Record set -

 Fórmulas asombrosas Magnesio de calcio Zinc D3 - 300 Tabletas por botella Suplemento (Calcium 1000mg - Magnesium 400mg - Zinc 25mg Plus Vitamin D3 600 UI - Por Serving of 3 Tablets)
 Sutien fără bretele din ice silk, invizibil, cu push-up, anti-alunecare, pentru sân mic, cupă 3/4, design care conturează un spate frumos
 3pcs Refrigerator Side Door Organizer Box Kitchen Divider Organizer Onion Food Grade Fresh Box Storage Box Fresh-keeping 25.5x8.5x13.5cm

---

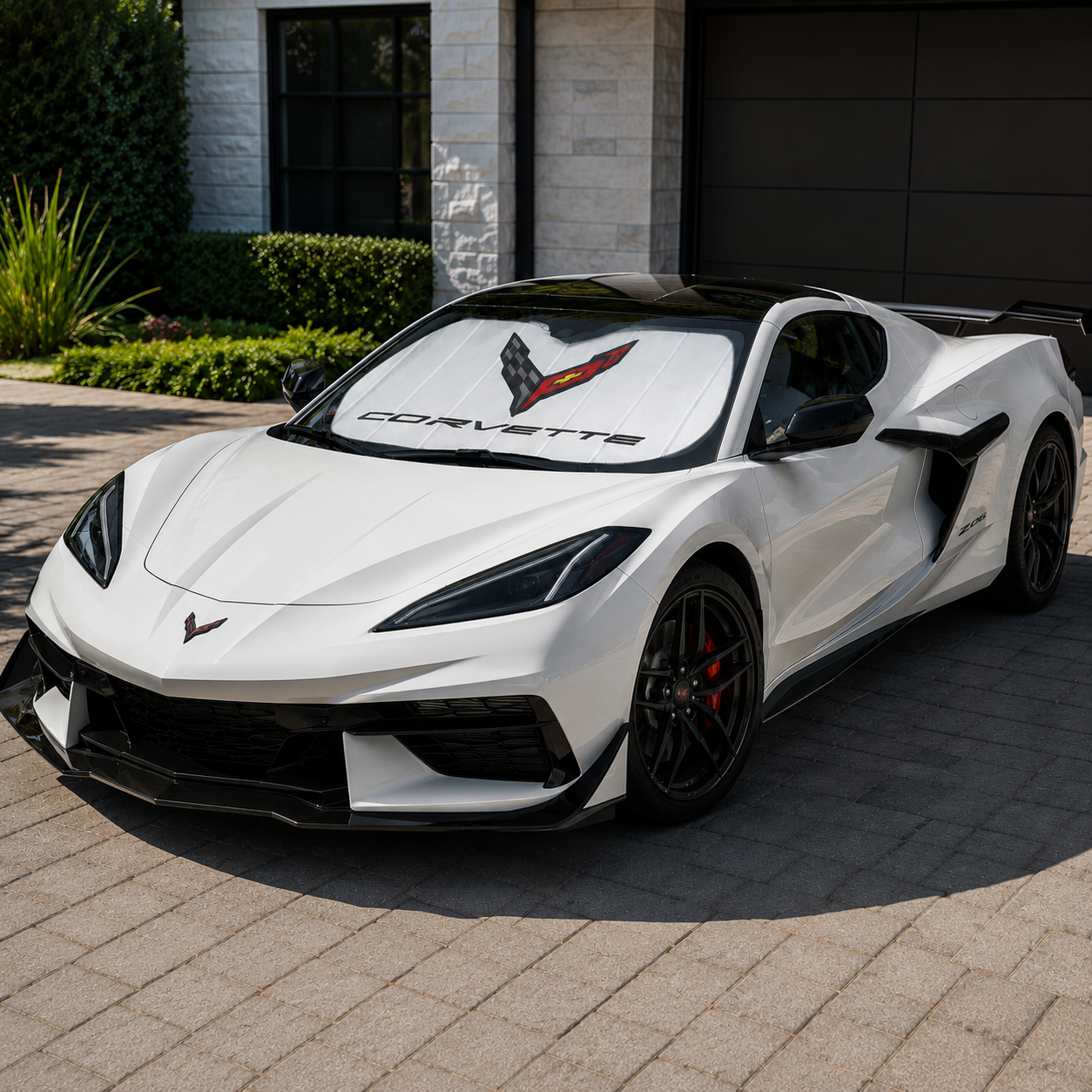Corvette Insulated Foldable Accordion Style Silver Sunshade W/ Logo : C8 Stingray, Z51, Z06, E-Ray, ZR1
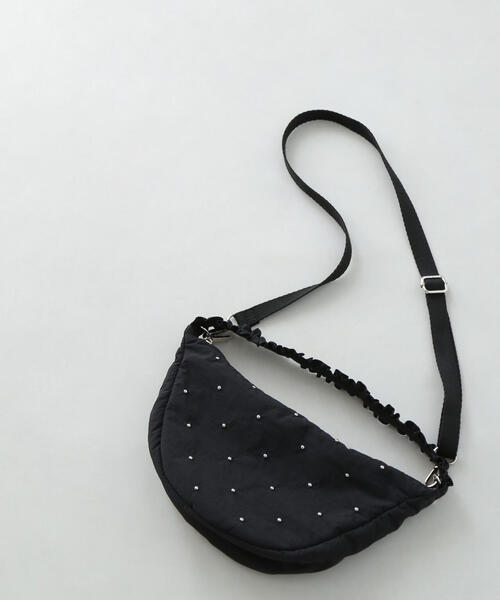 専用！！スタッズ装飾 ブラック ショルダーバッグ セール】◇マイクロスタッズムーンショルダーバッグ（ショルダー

---

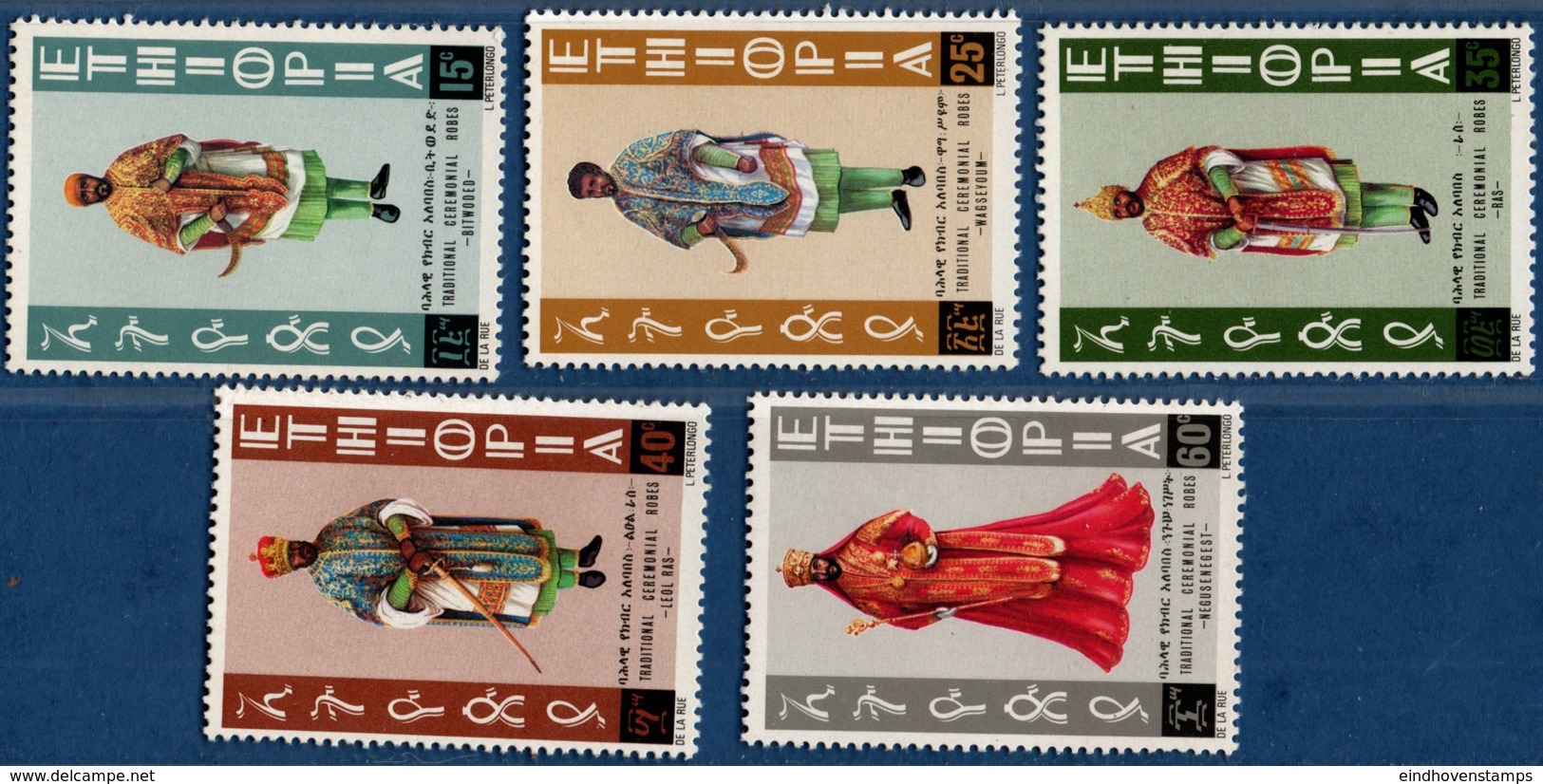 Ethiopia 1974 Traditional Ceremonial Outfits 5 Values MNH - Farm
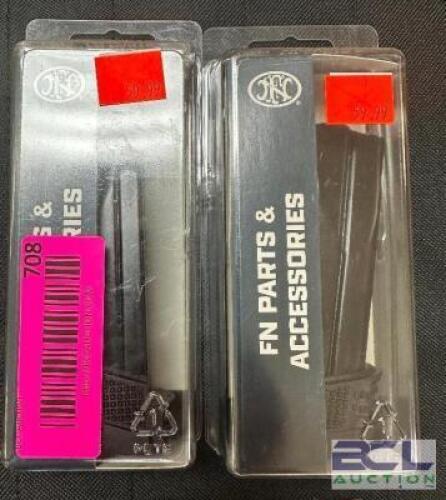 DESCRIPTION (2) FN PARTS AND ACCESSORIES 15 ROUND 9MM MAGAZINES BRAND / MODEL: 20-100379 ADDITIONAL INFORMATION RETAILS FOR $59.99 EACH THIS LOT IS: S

Problem statement -
All that should appear in the answer is the lines above from the line with "Corvette Insulated Foldable" through the line with "専用！！スタッズ装飾 ブラック ショルダーバッグ", retyped exactly, pictures left out.

Response -
Corvette Insulated Foldable Accordion Style Silver Sunshade W/ Logo : C8 Stingray, Z51, Z06, E-Ray, ZR1
 専用！！スタッズ装飾 ブラック ショルダーバッグ セール】◇マイクロスタッズムーンショルダーバッグ（ショルダー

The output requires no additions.